PROVIDED INFORMATION
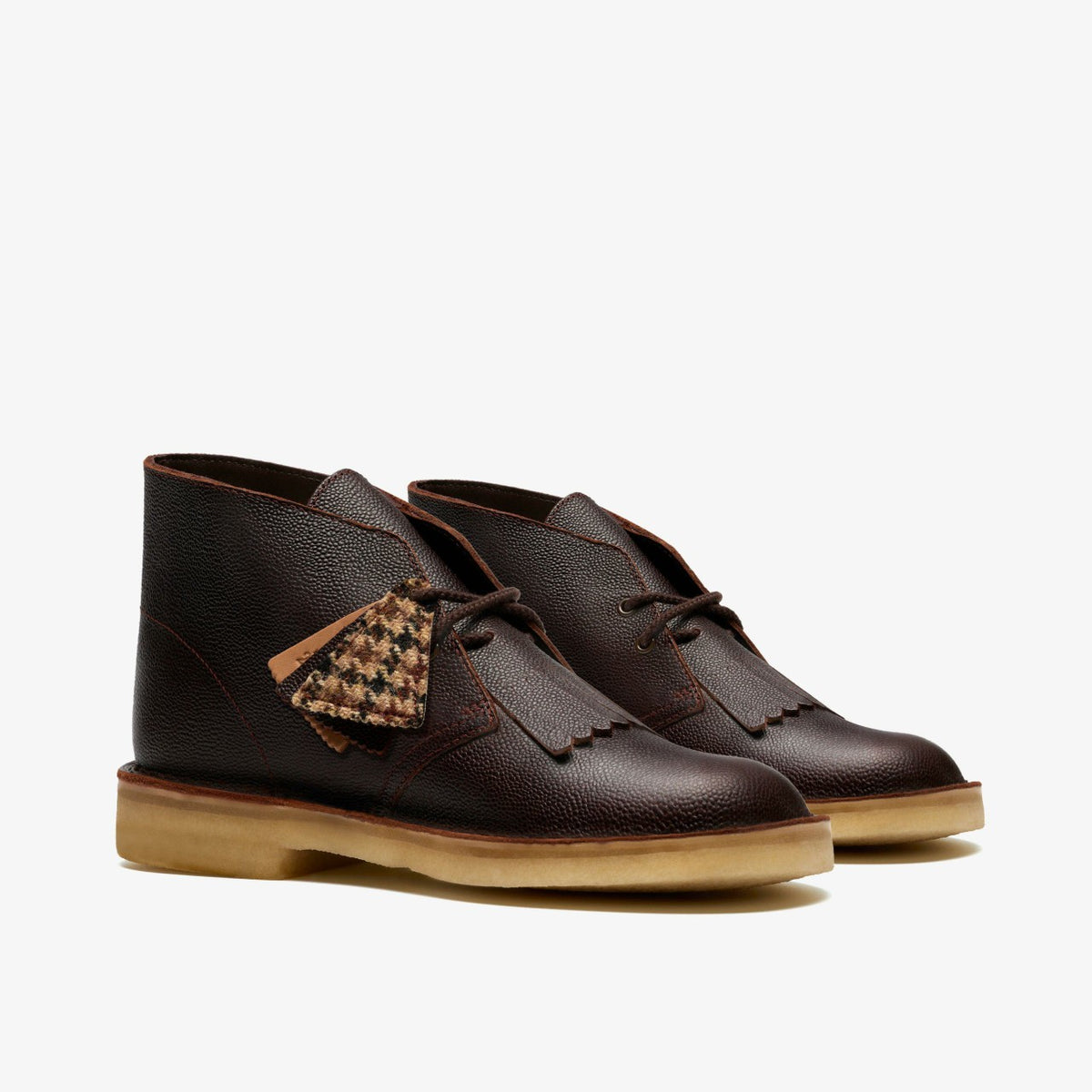 Clarks Desert Boot Brown Scotch Grain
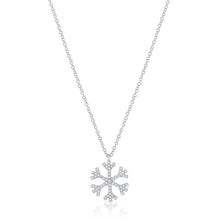 Load image into Gallery viewer, 14K Gold &amp; Diamond Snowflake Necklace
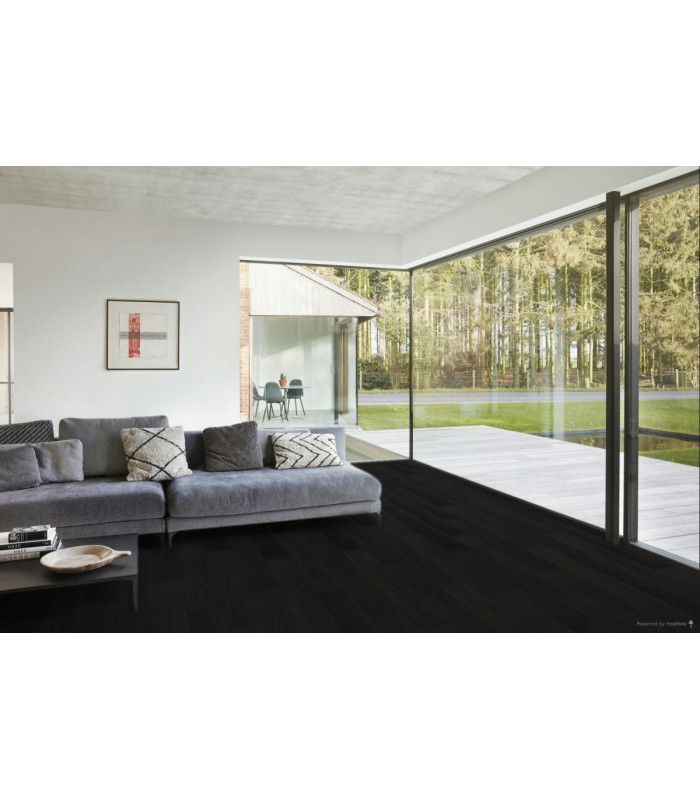 Berry Alloc Parquet stratifié Ocean+ - Charme Black 7516 -1288 mm x 190 mm x 8 mm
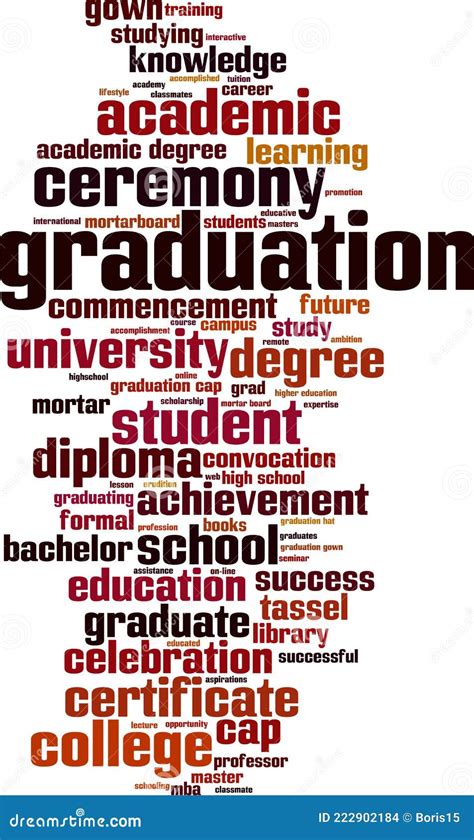 Graduation Word Cloud Collage Royalty Free Stock Photo Cartoondealer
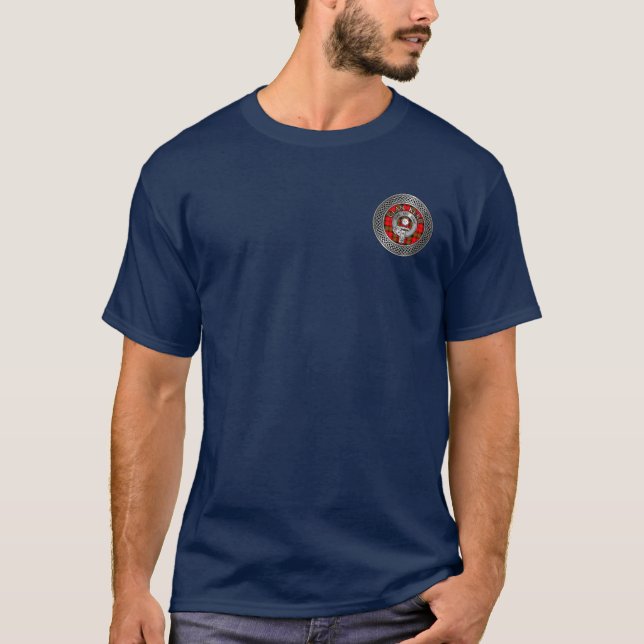 Camiseta Clan Kerr Crest & Tartan Knot (Frente)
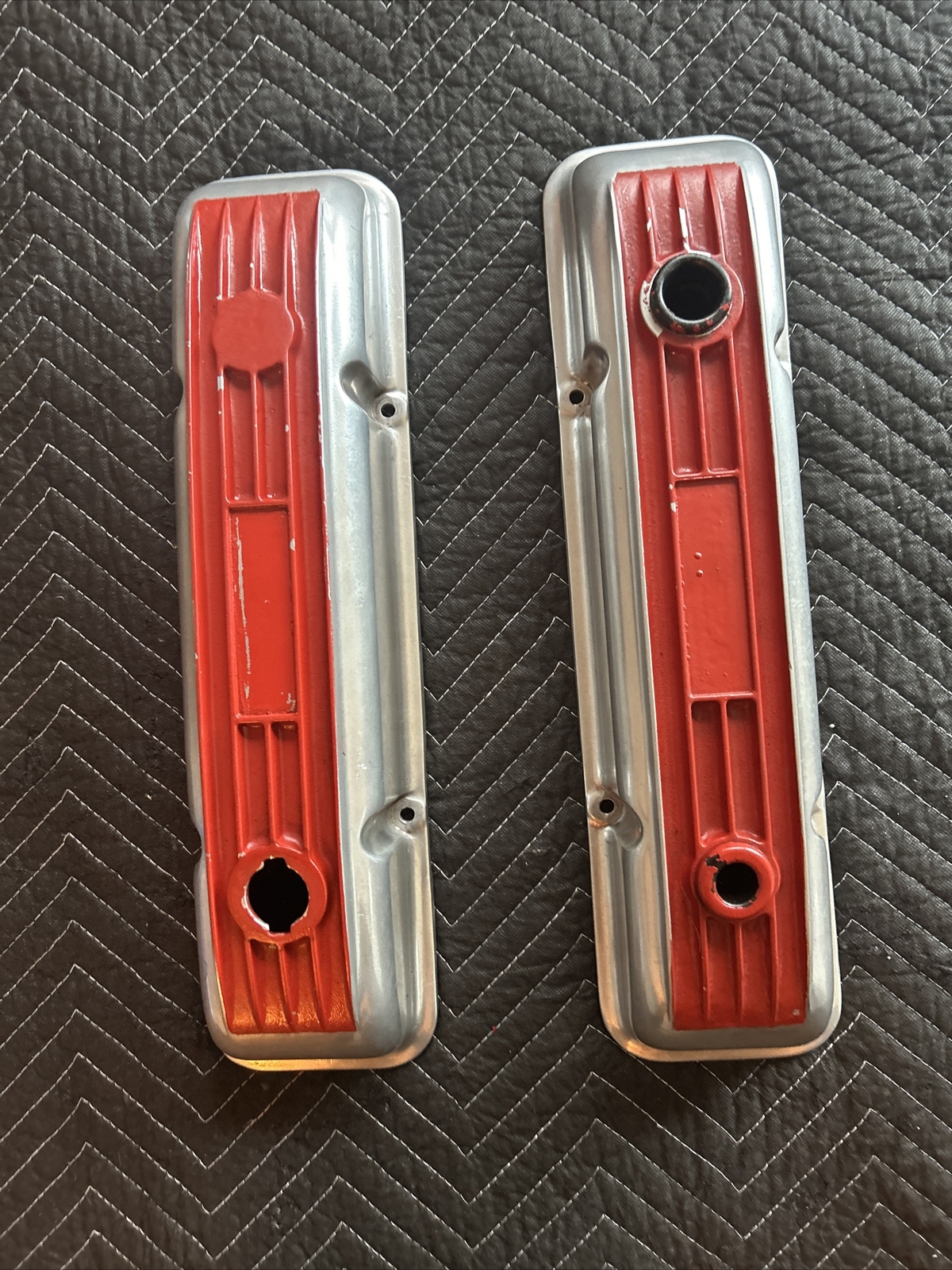 Vintage Ansen Weiand 719 Sbc Aluminum Finned Valve Covers eBay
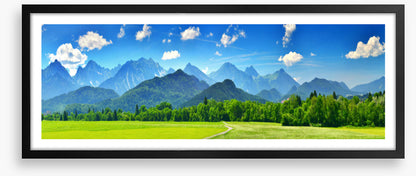 Sunny mountains panorama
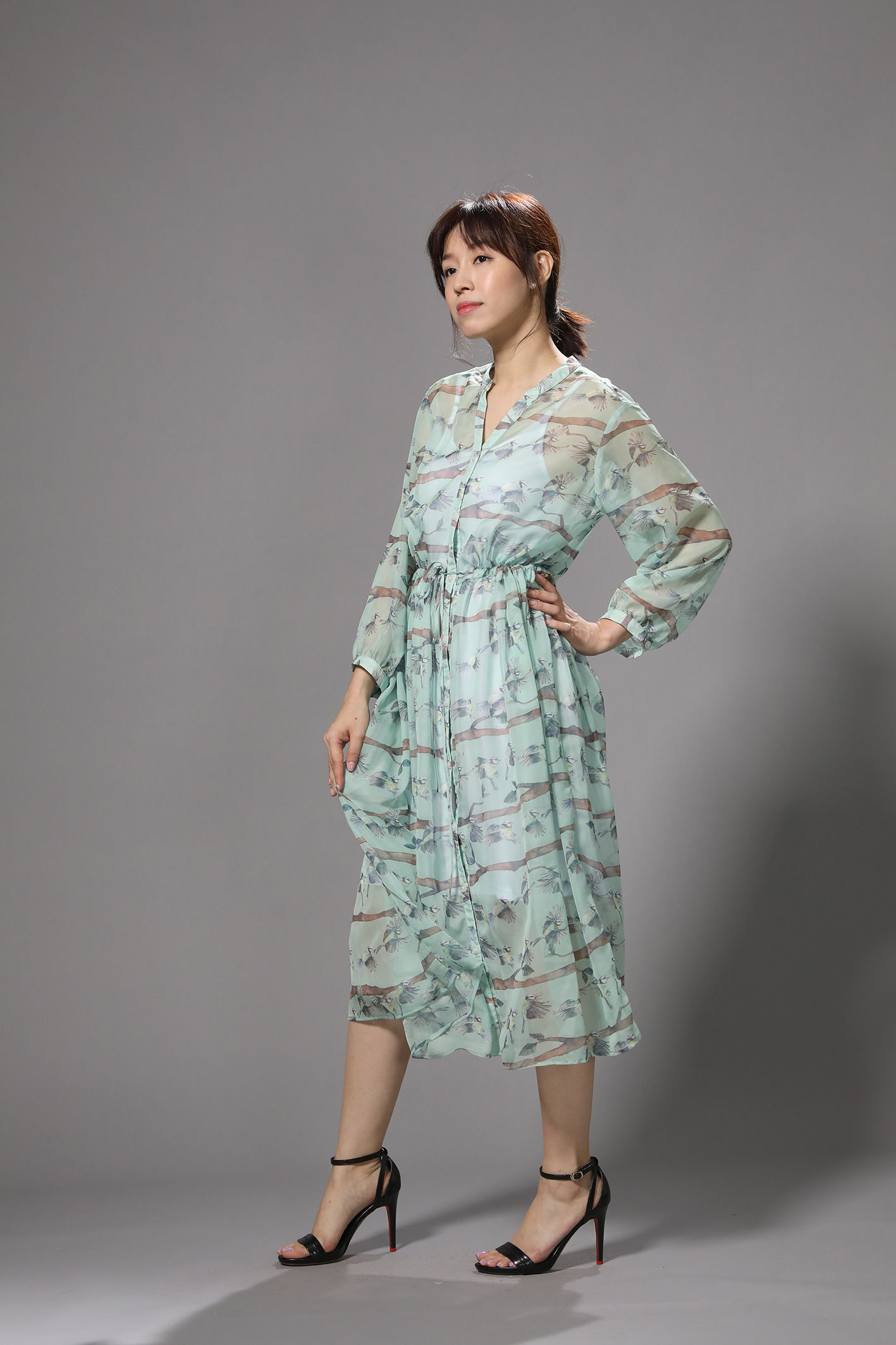 Dancing in the Wind Shirt Dress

HOW TO COMPLETE THIS TASK
From the line containing "Vintage Ansen Weiand" down to the last line of the entries above, set down every line exactly. Omit all pictures.

TASK OUTPUT
 Vintage Ansen Weiand 719 Sbc Aluminum Finned Valve Covers eBay
 Sunny mountains panorama
 Dancing in the Wind Shirt Dress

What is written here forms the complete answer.